• [Task description] Each line from the first line of the entries through the line holding "Ordo Divini Officci" is to be restated word for word; nothing else, and no picture, belongs in the answer.

——————————

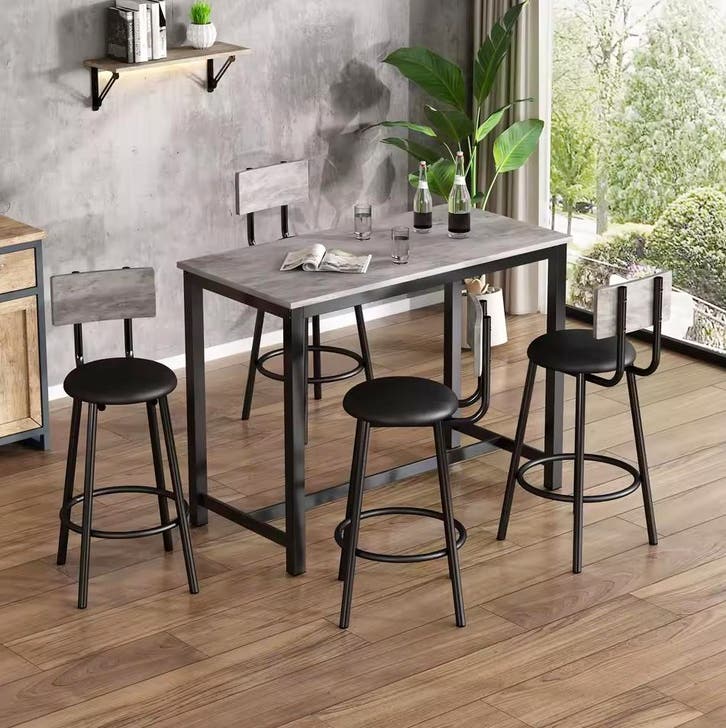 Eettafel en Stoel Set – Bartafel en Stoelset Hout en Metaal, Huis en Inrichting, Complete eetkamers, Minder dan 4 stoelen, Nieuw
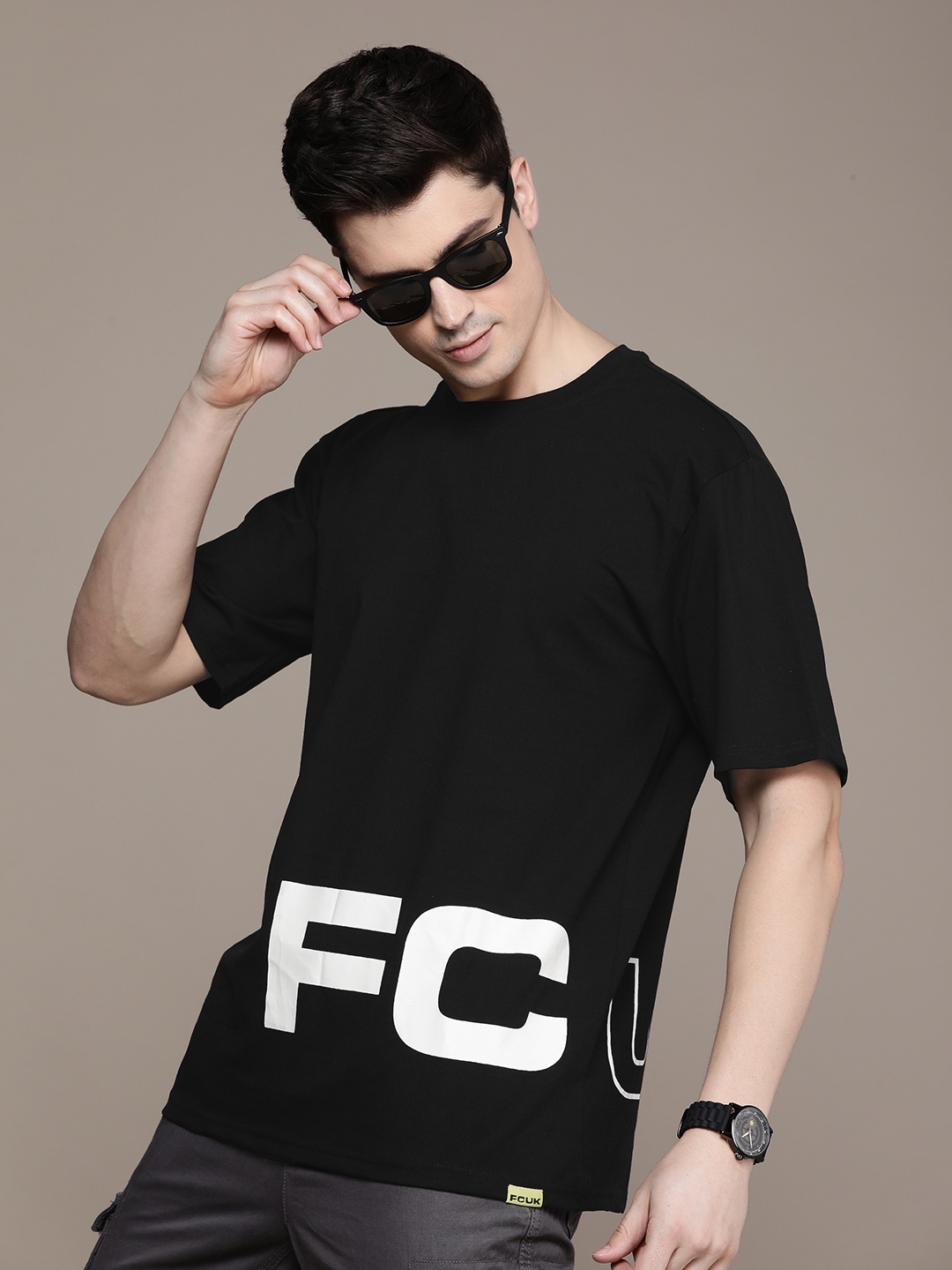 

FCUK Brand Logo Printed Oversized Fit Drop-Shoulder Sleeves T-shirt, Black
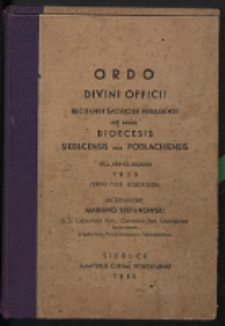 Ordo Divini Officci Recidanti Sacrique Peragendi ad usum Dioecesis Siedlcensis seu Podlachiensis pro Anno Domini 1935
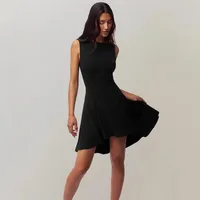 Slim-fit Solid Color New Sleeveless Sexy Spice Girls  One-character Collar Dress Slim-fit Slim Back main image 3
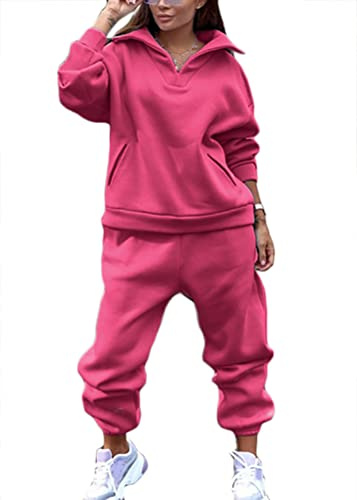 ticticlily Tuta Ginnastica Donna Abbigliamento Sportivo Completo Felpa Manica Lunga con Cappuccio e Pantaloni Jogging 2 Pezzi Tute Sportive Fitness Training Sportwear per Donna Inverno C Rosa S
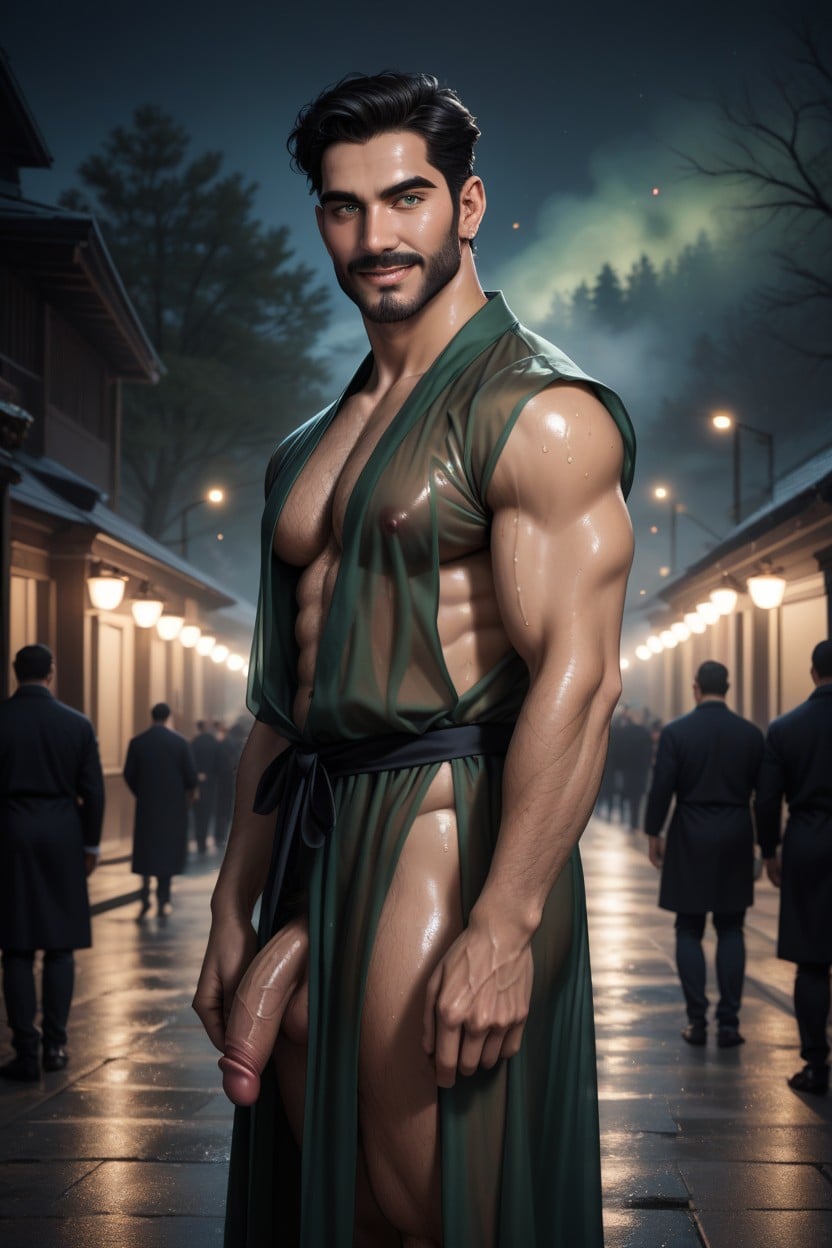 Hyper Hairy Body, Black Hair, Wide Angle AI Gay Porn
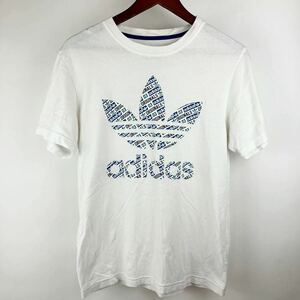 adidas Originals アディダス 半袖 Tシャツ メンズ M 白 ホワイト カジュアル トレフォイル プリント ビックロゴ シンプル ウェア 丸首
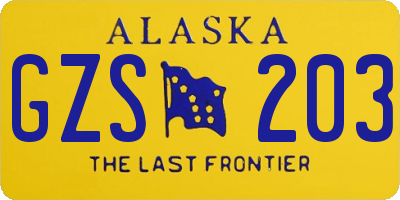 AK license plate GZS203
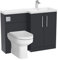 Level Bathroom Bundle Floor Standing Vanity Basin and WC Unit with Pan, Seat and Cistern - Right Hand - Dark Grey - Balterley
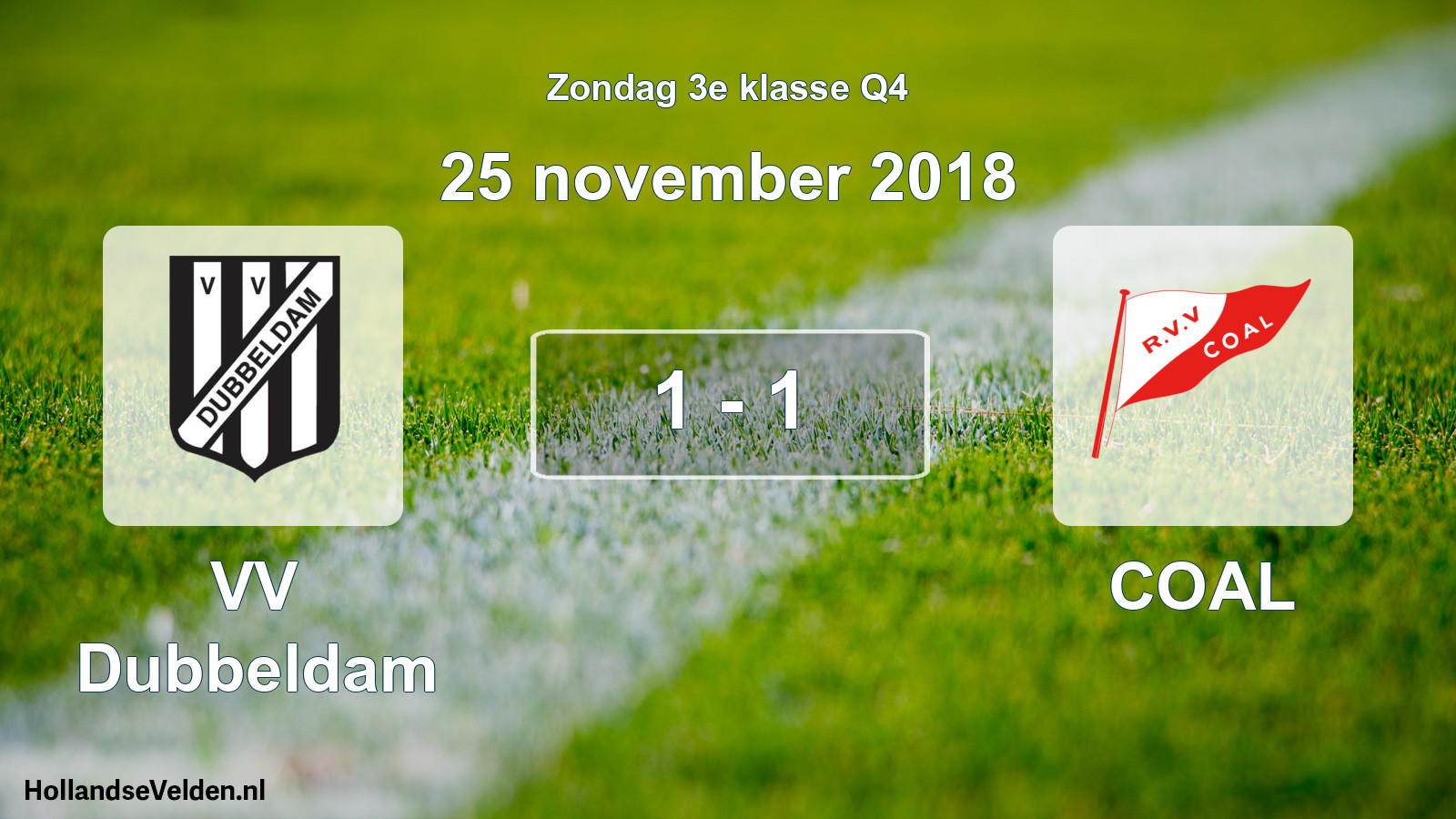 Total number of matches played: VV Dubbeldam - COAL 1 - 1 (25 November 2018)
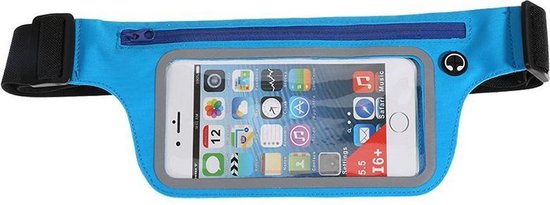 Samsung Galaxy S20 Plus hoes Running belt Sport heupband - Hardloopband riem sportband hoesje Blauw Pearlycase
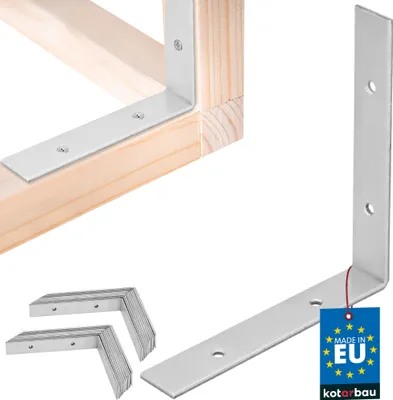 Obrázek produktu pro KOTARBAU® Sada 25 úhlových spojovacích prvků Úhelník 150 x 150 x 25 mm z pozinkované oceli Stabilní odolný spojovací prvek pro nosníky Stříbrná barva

——————————

• [Your response]
 Eettafel en Stoel Set – Bartafel en Stoelset Hout en Metaal, Huis en Inrichting, Complete eetkamers, Minder dan 4 stoelen, Nieuw

FCUK Brand Logo Printed Oversized Fit Drop-Shoulder Sleeves T-shirt, Black
 Ordo Divini Officci Recidanti Sacrique Peragendi ad usum Dioecesis Siedlcensis seu Podlachiensis pro Anno Domini 1935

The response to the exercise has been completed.